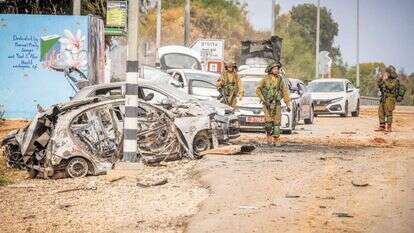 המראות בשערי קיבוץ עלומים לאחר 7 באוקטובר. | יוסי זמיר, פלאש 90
--
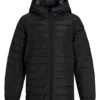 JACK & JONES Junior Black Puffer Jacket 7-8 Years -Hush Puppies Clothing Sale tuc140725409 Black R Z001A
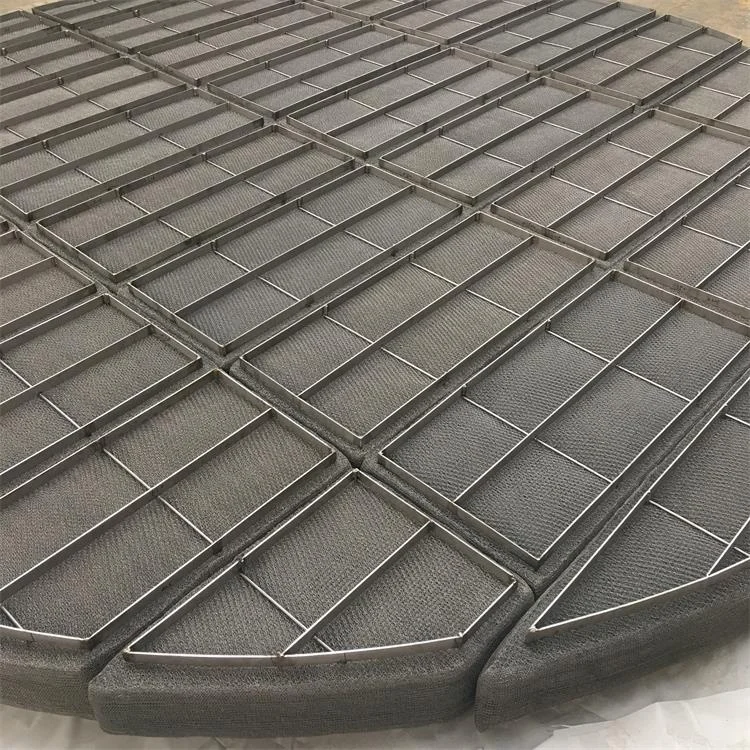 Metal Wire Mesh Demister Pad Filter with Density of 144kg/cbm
--
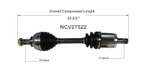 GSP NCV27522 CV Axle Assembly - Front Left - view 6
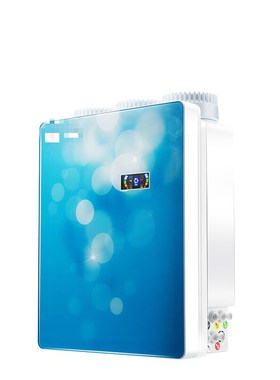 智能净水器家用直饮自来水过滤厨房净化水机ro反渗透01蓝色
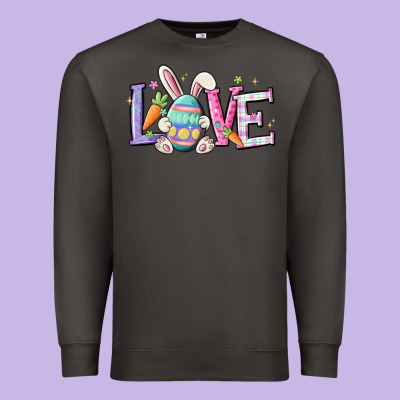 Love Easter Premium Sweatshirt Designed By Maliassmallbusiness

PROMPT:
Look above for the line with "智能净水器家用直饮自来水过滤厨房净化水机ro反渗透01蓝色" and the line with "Love Easter Premium", then restate exactly those two lines and all lines between them, with no pictures.

OUTPUT OF THE TASK:
 智能净水器家用直饮自来水过滤厨房净化水机ro反渗透01蓝色
 Love Easter Premium Sweatshirt Designed By Maliassmallbusiness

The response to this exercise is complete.